#### [What is expected]
Look for the line containing "Ktm exc 450 08r Supermoto STAN BARDZO DOBRY!" and the line containing "Nif's Spaghetti With" in the entries below. Copy those two and all lines between them exactly, leaving out pictures.

#### [Listed entries]

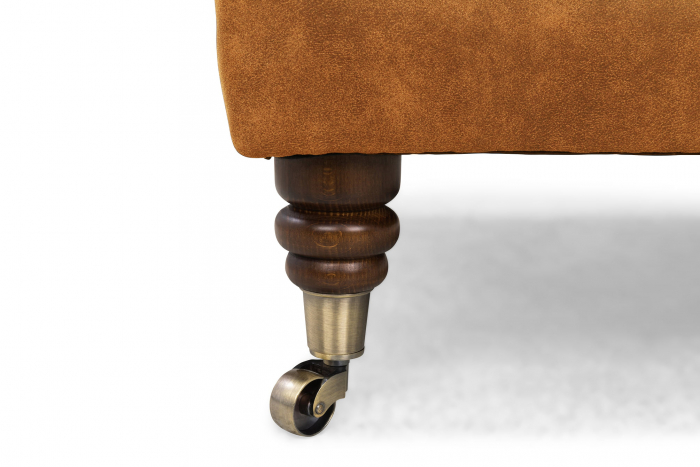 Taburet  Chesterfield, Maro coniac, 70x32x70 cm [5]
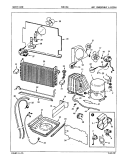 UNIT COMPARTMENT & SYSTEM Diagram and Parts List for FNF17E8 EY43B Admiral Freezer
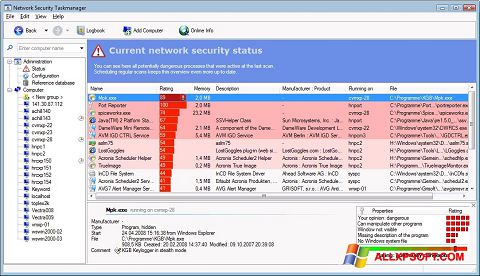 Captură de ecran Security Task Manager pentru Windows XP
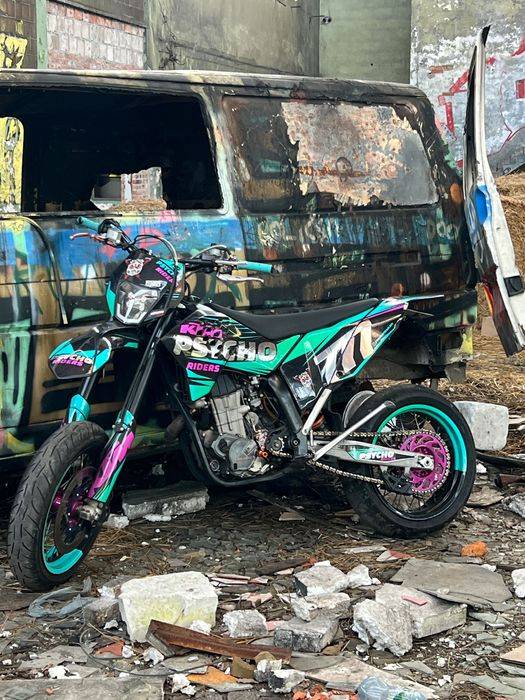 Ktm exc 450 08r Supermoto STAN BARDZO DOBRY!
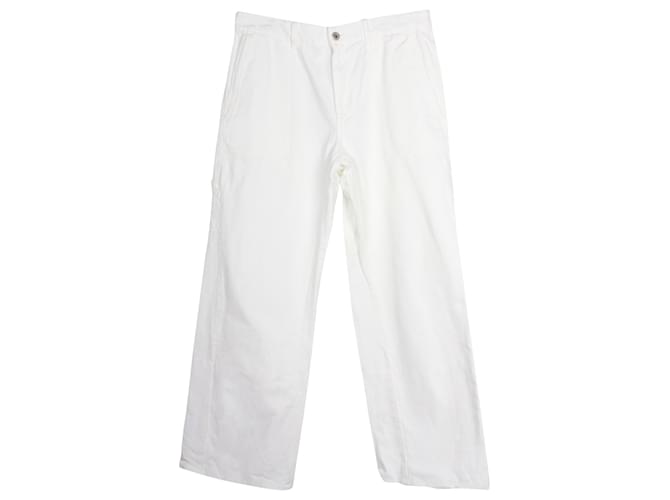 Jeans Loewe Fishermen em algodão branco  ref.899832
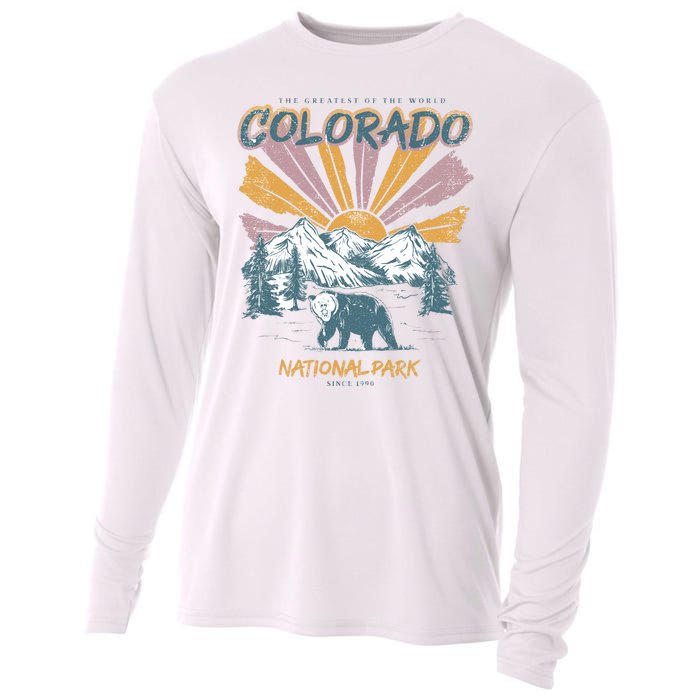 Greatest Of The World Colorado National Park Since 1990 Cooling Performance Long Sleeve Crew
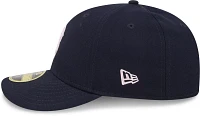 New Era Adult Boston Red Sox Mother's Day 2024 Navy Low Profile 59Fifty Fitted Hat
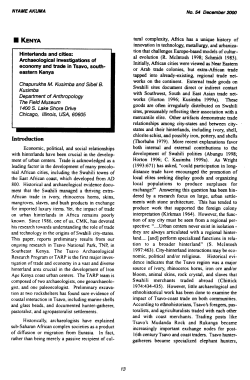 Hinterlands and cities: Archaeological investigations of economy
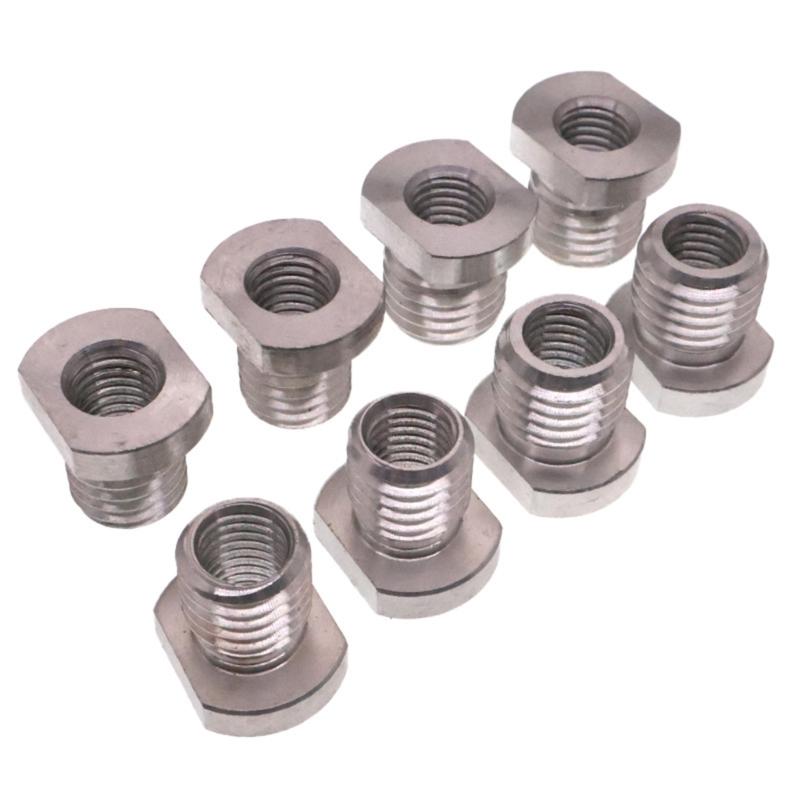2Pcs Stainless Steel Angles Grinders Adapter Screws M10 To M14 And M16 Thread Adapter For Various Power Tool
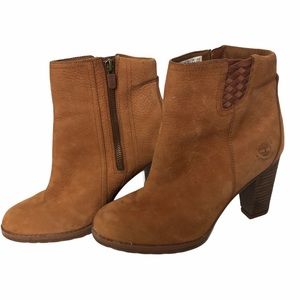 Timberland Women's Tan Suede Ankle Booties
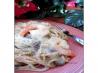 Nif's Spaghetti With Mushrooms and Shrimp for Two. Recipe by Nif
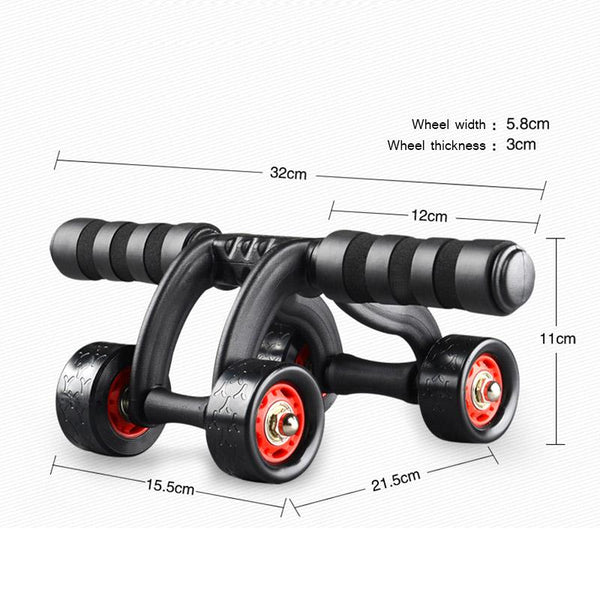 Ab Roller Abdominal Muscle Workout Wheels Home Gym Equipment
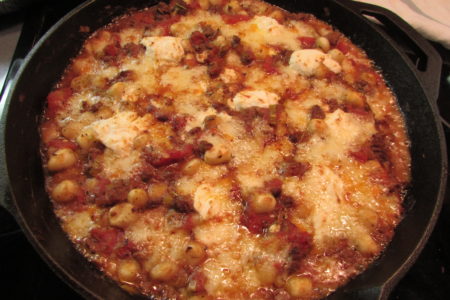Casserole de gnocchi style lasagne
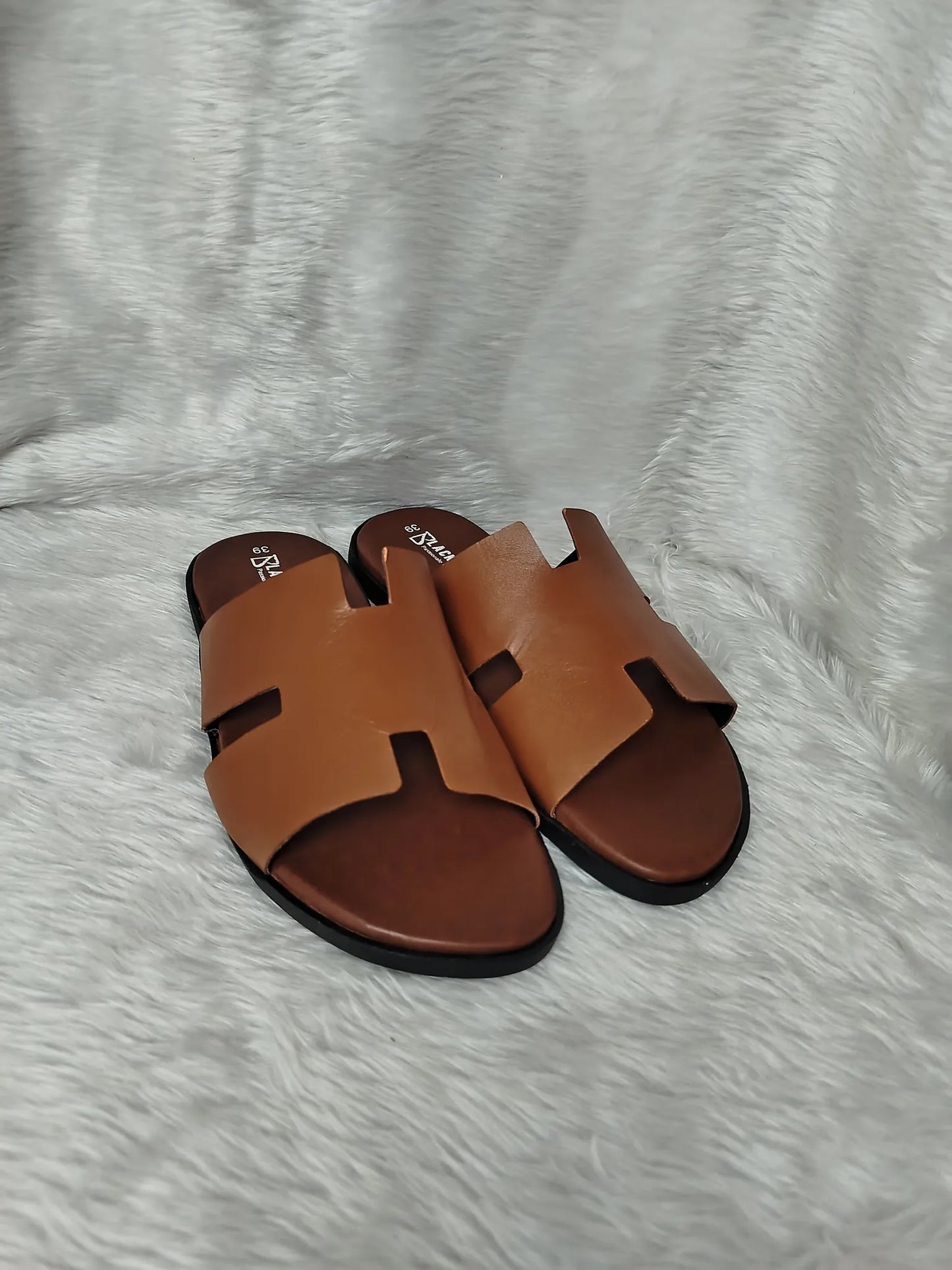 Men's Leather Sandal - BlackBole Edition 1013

...

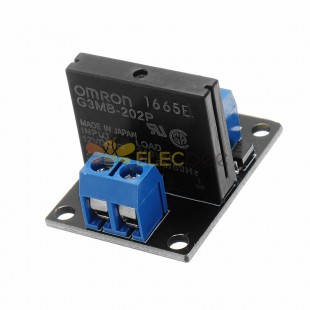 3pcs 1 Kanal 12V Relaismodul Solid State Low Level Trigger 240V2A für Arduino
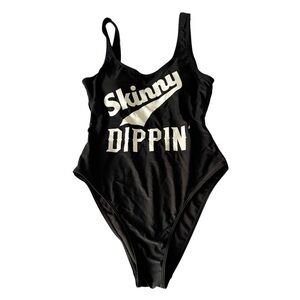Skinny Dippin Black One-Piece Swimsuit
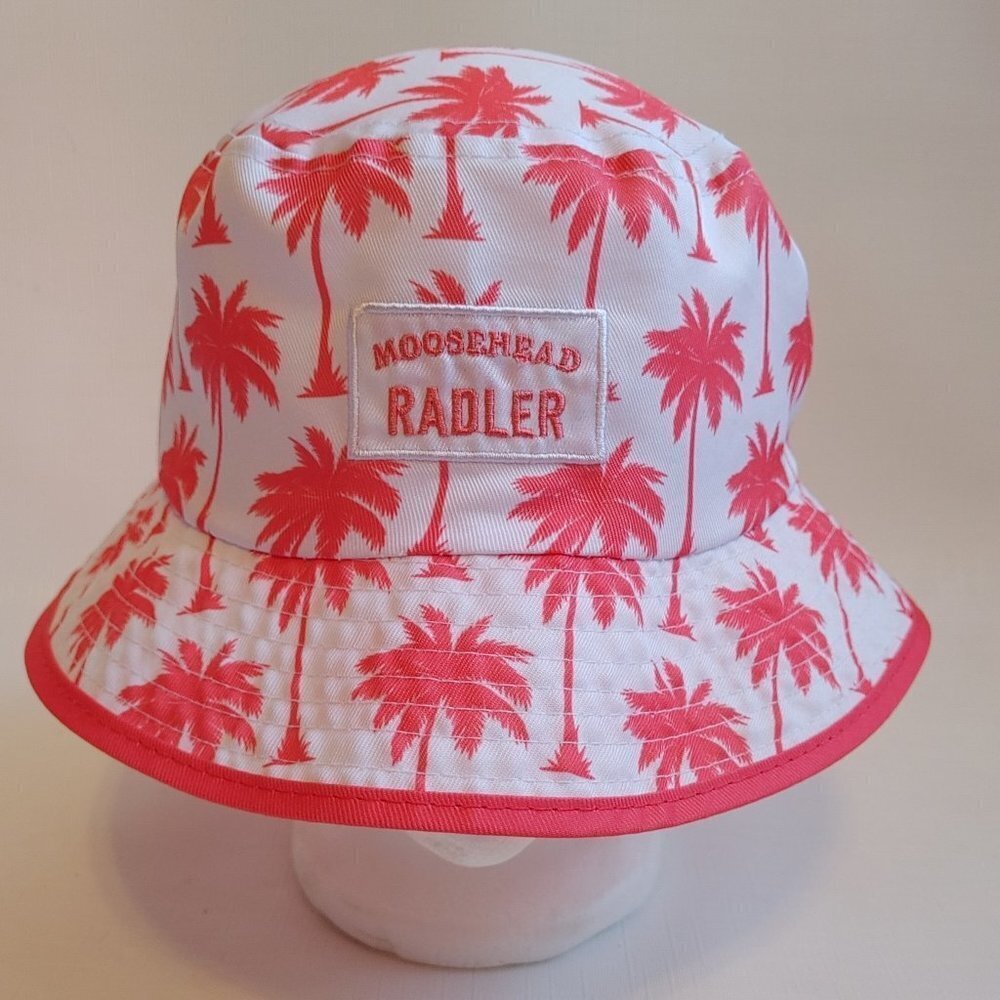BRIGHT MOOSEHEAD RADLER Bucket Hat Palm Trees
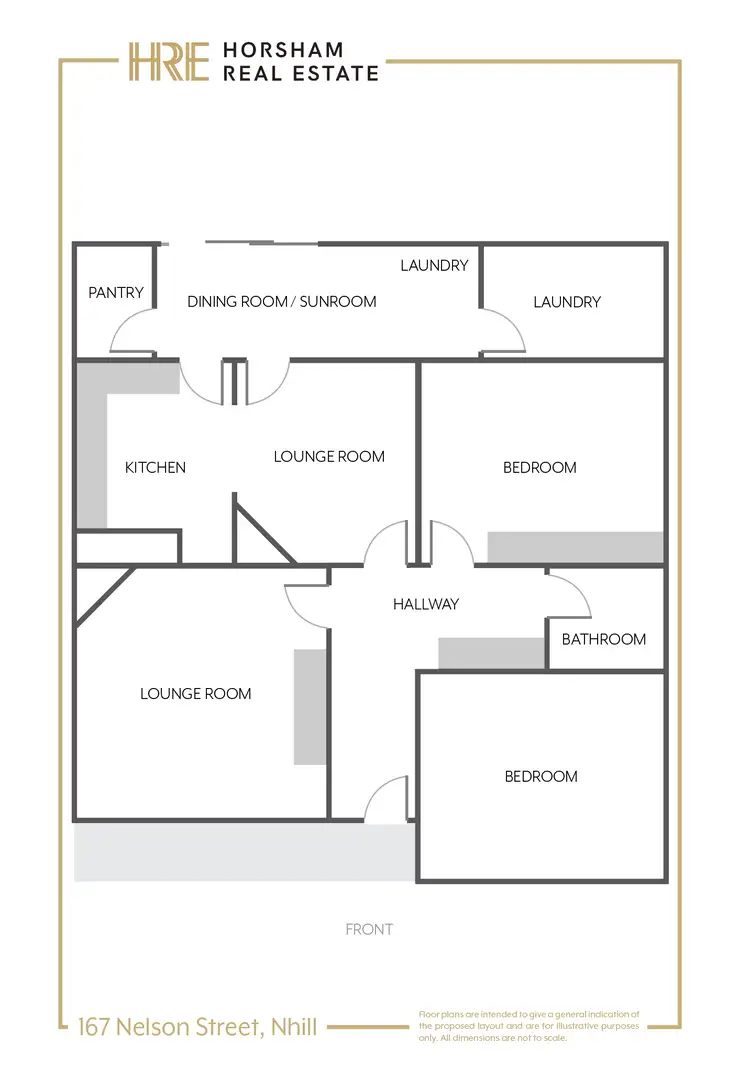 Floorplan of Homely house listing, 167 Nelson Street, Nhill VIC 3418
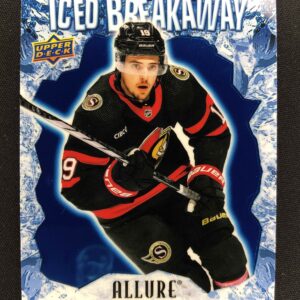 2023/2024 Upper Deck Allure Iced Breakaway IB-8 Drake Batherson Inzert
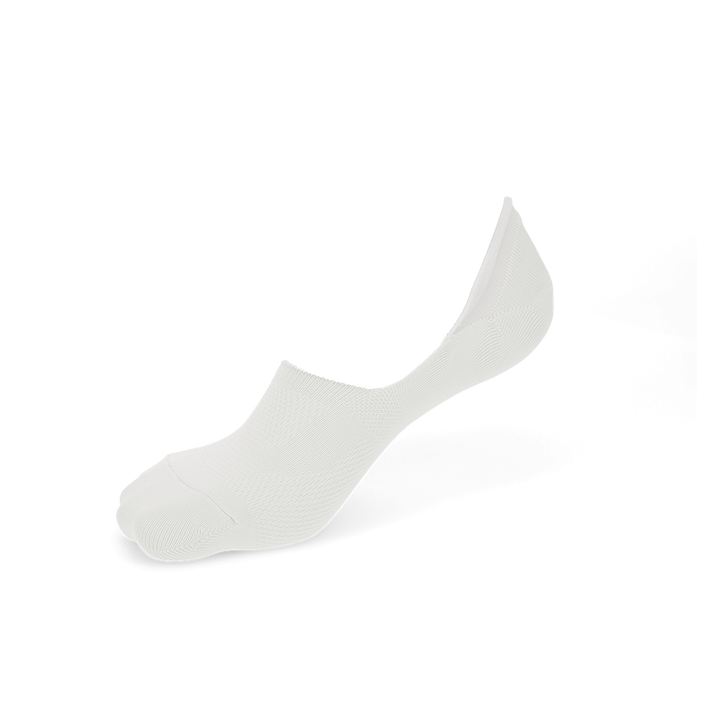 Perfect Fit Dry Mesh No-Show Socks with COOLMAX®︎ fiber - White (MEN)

...

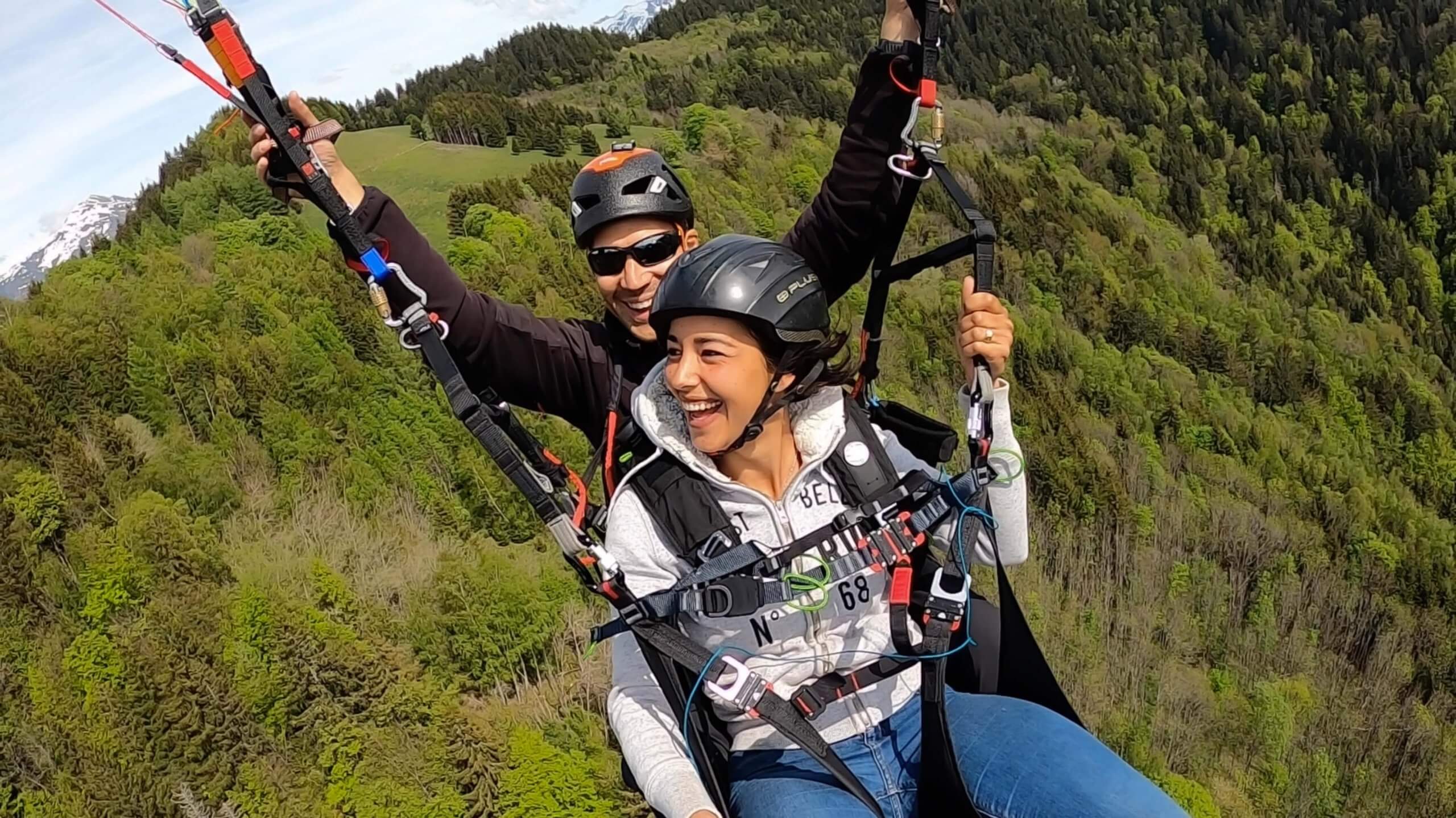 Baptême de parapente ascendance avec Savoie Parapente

#### [Answer for this exercise]
 Ktm exc 450 08r Supermoto STAN BARDZO DOBRY!
 Jeans Loewe Fishermen em algodão branco  ref.899832
 Greatest Of The World Colorado National Park Since 1990 Cooling Performance Long Sleeve Crew
 New Era Adult Boston Red Sox Mother's Day 2024 Navy Low Profile 59Fifty Fitted Hat
 Hinterlands and cities: Archaeological investigations of economy
2Pcs Stainless Steel Angles Grinders Adapter Screws M10 To M14 And M16 Thread Adapter For Various Power Tool
 Timberland Women's Tan Suede Ankle Booties
 Nif's Spaghetti With Mushrooms and Shrimp for Two. Recipe by Nif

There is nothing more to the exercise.